Ford no Brasil: de gigante a nanica? Não necessariamente…
A Ford faz parte do imaginário do brasileiro: Fordinho, Fordlândia, Mustang, Escort, Autolatina, Del Rey, Galaxie/LTD/Landau, Fórmula Ford, carros inovadores, outros nem tanto, caminhões, picapes…. No último século, a Ford foi protagonista na história do automóvel no Brasil, desde que começou a montar o Modelo T por aqui, em 1919. O grande salto aconteceu em 1967, quando adquiriu a Willys e herdou o projeto do Renault 12, que se transformou no Ford Corcel. Com a Willys veio a histórica fábrica de São Bernardo do Campo (SP), fechada em 2019, como prenúncio do que estava para acontecer.
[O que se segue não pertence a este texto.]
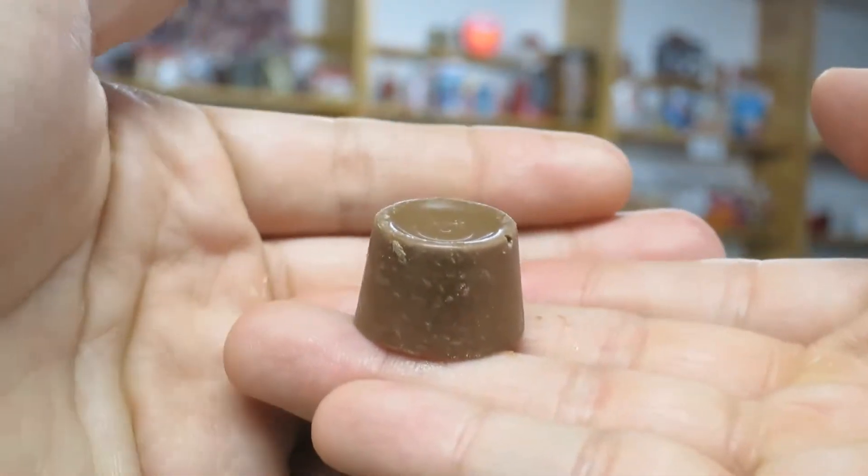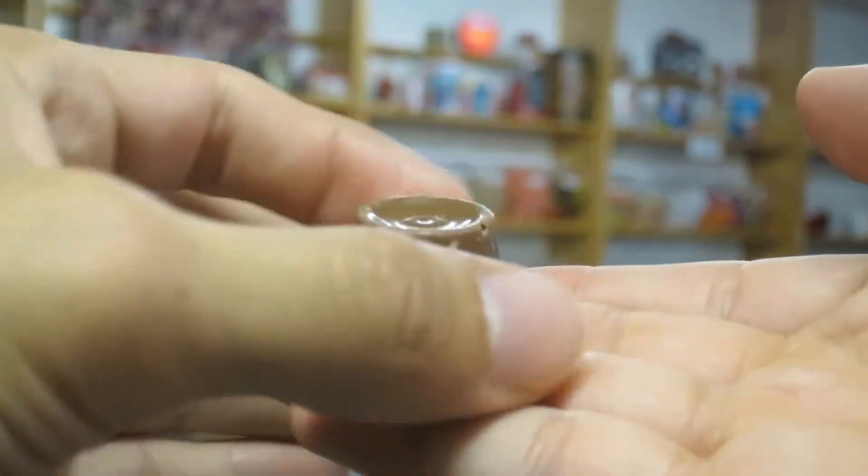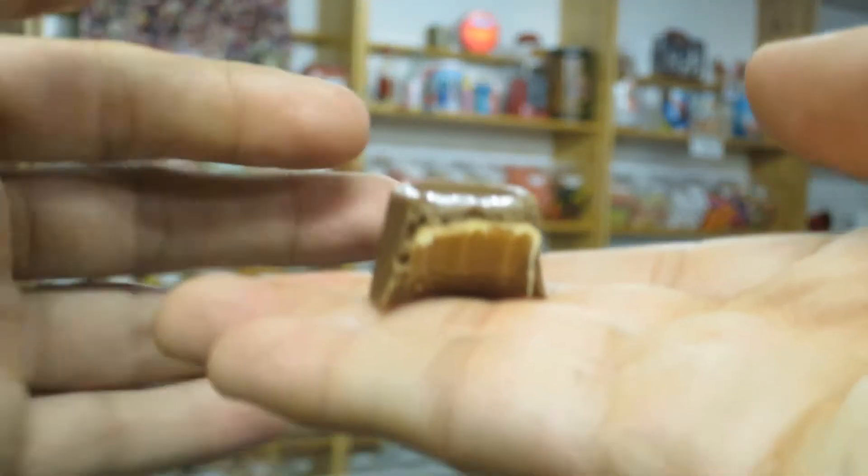The Rolo is a short little cone-shaped chocolate with chewy caramel inside. And that's pretty much the basic rundown of the Rolo.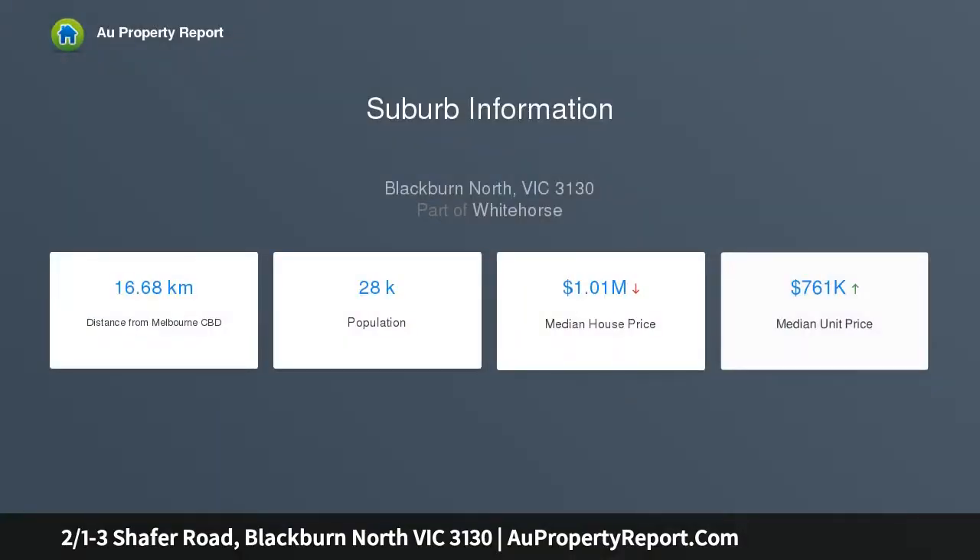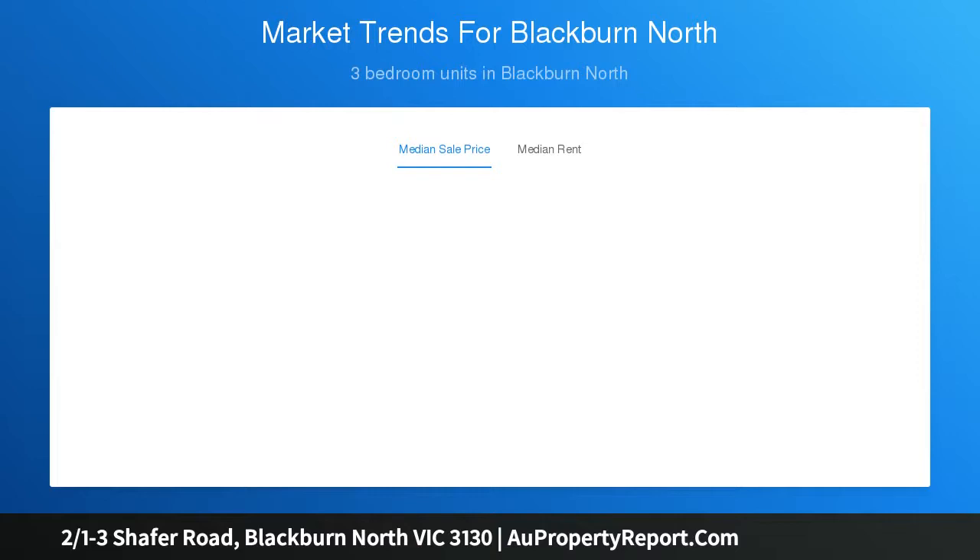With prime street frontage and a contemporary facade, you're welcomed into a versatile study, retreat, alongside a bright open plan living room and dining area enhanced by white oak floorboards and a crisp neutral color palette.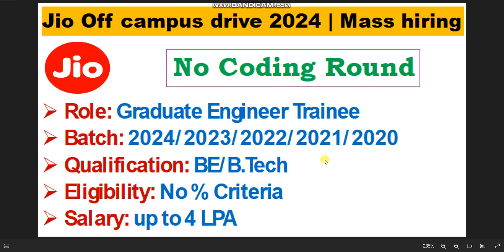And the icing on the cake is there will not be any percentage criteria. It means if you have less than 60% marks or less than 50% marks, you are still eligible and can apply. The salary will be up to 4 lakhs per annum.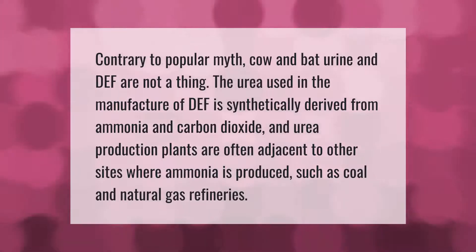Contrary to popular myth, cow and bat urine and DEF are not a thing. The urea used in the manufacture of DEF is synthetically derived from ammonia and carbon dioxide, and urea production plants are often adjacent to other sites where ammonia is produced, such as coal and natural gas refineries.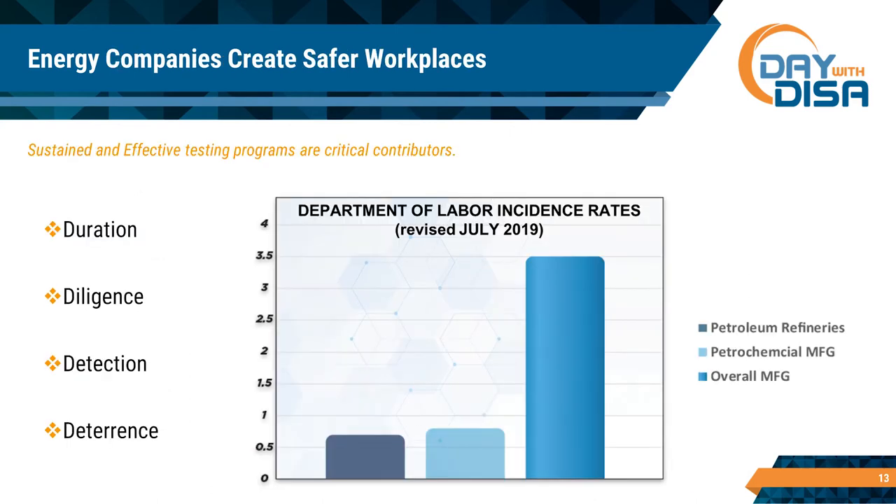Here's something really interesting. When you look at Department of Labor incident rates — incidents being defined as something that happens at work that takes somebody off the job, has them reassigned, or prevents them from completing their task — and you compare overall manufacturing incident rates to petrochemical manufacturers and petroleum refineries, it's amazing. You would think a refinery would be a really dangerous place to work, but it's not when you compare it to other industries. And why is that?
Agora a marca avisou que encerrou a fabricação imediata da produção de automóveis (Ka/Ka Sedan e EcoSport) em Camaçari (BA) e motores em Taubaté (SP); o jipinho Troller, de Horizonte (CE), deve durar até o final do ano.
Na verdade, a compra da Troller foi uma enorme artimanha fiscal da marca norte-americana, que não precisava de uma fábrica de jipinhos de fibra de vidro, e sim estava comprando uma fábrica repleta de incentivos e transferindo os benefícios fiscais dos poucos Troller cearenses para milhares e milhares de carros produzidos em Camaçari, na Bahia, outro Estado do Nordeste coberto pela legislação fiscal para a região.
Na prática, foi uma forma de não mandar para os cofres do governo centenas de milhões de reais. Tudo dentro da lei, apesar de que nem tudo que é legal é moral. Os Troller sequer ostentam o emblema oval da Ford…
O mundo girou, o Brasil andou para um lado e a Ford para outro. Após mais de 100 anos de plena atividade industrial, a marca de torna-se apenas importadora no Brasil. De acordo com a empresa, isso foi necessário para estancar prejuízos e custos. O Ka, por exemplo, era considerado um carro deficitário, mesmo perdendo componentes interessantes, como o eixo contra-rotativo do motor Dragon 1.5 de três cilindros, a central multimídia mais sofisticada e detalhes do acabamento.
O EcoSport, por sua vez, colocou os SUVs pequenos no gosto dos brasileiros e salvou a marca da crise que enfrentou no Brasil no final dos anos 1990 –quando a Ford, depois do fim da Autolatina (1996), quase saiu do Brasil pela segunda vez; a primeira foi nos anos 1980, antes da joint venture. O jipinho se tornou referência e foi um enorme sucesso, mas a nova geração encareceu o produto e não foi suficiente para enfrentar a concorrência.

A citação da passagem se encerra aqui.